WHAT TO DO - Beginning with the line where "Superior Double or" appears, please restate each line of the records below word for word until the last one, inclusive, and nothing else.

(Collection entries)
----

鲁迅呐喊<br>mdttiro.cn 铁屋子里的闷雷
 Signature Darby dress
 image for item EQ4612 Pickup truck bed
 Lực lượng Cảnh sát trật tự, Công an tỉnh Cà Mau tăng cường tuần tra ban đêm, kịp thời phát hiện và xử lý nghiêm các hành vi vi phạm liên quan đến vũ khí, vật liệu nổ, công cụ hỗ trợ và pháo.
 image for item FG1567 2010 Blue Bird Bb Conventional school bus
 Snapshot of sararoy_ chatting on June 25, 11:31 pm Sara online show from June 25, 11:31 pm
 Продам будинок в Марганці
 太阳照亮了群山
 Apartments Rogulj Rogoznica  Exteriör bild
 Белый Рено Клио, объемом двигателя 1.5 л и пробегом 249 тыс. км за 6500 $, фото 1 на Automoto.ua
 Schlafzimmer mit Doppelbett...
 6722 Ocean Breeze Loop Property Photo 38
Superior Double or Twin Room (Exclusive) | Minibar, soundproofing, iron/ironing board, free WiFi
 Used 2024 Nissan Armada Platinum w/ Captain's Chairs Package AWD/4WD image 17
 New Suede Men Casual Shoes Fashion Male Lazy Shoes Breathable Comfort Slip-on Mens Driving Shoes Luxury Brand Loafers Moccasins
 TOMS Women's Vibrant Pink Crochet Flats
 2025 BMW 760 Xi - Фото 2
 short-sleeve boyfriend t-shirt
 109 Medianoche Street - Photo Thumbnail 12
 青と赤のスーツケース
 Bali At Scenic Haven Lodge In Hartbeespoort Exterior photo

----

YOUR SOLUTION -
Superior Double or Twin Room (Exclusive) | Minibar, soundproofing, iron/ironing board, free WiFi
 Used 2024 Nissan Armada Platinum w/ Captain's Chairs Package AWD/4WD image 17
 New Suede Men Casual Shoes Fashion Male Lazy Shoes Breathable Comfort Slip-on Mens Driving Shoes Luxury Brand Loafers Moccasins
 TOMS Women's Vibrant Pink Crochet Flats
 2025 BMW 760 Xi - Фото 2
 short-sleeve boyfriend t-shirt
 109 Medianoche Street - Photo Thumbnail 12
 青と赤のスーツケース
 Bali At Scenic Haven Lodge In Hartbeespoort Exterior photo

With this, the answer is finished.